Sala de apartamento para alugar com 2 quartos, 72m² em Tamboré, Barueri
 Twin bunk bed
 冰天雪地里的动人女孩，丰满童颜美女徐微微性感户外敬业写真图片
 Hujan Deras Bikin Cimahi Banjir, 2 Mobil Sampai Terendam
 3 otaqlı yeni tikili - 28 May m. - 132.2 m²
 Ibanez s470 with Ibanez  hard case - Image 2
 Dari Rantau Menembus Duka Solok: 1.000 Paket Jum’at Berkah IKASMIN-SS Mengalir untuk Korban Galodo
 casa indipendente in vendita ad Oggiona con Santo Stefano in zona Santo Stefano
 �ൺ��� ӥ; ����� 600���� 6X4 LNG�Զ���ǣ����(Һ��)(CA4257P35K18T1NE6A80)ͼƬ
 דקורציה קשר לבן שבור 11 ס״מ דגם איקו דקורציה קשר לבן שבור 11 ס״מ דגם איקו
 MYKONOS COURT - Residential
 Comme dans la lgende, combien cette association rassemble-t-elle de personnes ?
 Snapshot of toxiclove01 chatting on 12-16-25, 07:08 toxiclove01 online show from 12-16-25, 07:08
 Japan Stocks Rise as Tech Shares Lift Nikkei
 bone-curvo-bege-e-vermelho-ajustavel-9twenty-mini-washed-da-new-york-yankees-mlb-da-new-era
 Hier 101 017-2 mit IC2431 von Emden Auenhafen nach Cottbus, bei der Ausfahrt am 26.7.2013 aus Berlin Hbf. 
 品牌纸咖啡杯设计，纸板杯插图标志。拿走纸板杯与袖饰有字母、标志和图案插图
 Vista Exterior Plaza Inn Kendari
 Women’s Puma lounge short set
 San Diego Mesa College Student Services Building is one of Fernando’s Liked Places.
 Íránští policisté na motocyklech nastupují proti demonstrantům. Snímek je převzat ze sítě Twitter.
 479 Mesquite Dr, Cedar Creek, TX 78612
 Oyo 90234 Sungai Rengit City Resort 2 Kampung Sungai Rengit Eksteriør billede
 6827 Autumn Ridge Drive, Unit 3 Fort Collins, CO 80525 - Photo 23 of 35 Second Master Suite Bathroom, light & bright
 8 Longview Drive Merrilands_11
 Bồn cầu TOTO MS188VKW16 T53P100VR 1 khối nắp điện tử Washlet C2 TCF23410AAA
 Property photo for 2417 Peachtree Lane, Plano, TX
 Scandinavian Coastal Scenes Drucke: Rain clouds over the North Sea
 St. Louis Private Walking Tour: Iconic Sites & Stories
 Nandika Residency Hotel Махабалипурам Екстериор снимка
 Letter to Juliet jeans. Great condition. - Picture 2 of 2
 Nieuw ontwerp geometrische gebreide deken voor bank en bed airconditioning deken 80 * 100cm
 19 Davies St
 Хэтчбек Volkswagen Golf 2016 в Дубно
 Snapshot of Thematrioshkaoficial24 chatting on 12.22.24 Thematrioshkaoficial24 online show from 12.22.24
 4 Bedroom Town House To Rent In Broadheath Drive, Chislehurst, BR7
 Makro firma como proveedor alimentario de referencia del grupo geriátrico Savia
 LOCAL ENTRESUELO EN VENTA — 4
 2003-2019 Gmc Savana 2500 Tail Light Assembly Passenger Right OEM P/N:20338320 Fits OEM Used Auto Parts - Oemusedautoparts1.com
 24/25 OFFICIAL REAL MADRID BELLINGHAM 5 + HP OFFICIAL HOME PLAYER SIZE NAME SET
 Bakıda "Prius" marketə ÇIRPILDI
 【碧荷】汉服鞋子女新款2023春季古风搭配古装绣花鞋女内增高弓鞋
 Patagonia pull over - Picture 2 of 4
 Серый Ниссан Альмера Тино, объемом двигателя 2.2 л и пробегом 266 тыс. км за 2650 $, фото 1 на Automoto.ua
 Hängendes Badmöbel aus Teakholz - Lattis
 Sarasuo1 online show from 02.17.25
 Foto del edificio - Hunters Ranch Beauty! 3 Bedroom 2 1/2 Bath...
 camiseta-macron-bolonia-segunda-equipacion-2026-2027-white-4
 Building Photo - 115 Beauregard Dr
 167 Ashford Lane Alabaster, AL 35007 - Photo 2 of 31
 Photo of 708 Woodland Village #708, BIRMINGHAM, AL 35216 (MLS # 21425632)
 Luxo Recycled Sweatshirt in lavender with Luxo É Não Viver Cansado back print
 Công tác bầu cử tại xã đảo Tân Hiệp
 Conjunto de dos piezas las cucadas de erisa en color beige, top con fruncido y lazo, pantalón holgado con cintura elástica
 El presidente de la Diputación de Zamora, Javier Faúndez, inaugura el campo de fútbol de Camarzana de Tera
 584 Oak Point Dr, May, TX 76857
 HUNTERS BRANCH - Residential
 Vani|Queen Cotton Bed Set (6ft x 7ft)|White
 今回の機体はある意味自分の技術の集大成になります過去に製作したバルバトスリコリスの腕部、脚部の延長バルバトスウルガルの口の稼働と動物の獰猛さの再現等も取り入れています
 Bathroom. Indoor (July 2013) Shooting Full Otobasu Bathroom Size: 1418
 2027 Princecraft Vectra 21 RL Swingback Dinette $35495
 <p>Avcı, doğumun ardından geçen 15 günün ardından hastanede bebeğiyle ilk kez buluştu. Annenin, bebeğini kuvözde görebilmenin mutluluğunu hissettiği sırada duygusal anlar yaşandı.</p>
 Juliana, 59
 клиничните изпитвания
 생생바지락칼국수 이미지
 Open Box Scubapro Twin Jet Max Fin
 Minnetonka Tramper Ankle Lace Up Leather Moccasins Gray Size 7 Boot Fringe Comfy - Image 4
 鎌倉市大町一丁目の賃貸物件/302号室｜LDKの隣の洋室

=== WHAT YOU ARE ASKED TO DO ===
Could you reproduce, exactly, every line above from the line with "Oyo 90234 Sungai" to the line with "LOCAL ENTRESUELO EN VENTA — 4", and no other line? Both ends count.

=== RESULT FOR THIS EXERCISE ===
 Oyo 90234 Sungai Rengit City Resort 2 Kampung Sungai Rengit Eksteriør billede
 6827 Autumn Ridge Drive, Unit 3 Fort Collins, CO 80525 - Photo 23 of 35 Second Master Suite Bathroom, light & bright
 8 Longview Drive Merrilands_11
 Bồn cầu TOTO MS188VKW16 T53P100VR 1 khối nắp điện tử Washlet C2 TCF23410AAA
 Property photo for 2417 Peachtree Lane, Plano, TX
 Scandinavian Coastal Scenes Drucke: Rain clouds over the North Sea
 St. Louis Private Walking Tour: Iconic Sites & Stories
 Nandika Residency Hotel Махабалипурам Екстериор снимка
 Letter to Juliet jeans. Great condition. - Picture 2 of 2
 Nieuw ontwerp geometrische gebreide deken voor bank en bed airconditioning deken 80 * 100cm
 19 Davies St
 Хэтчбек Volkswagen Golf 2016 в Дубно
 Snapshot of Thematrioshkaoficial24 chatting on 12.22.24 Thematrioshkaoficial24 online show from 12.22.24
 4 Bedroom Town House To Rent In Broadheath Drive, Chislehurst, BR7
 Makro firma como proveedor alimentario de referencia del grupo geriátrico Savia
 LOCAL ENTRESUELO EN VENTA — 4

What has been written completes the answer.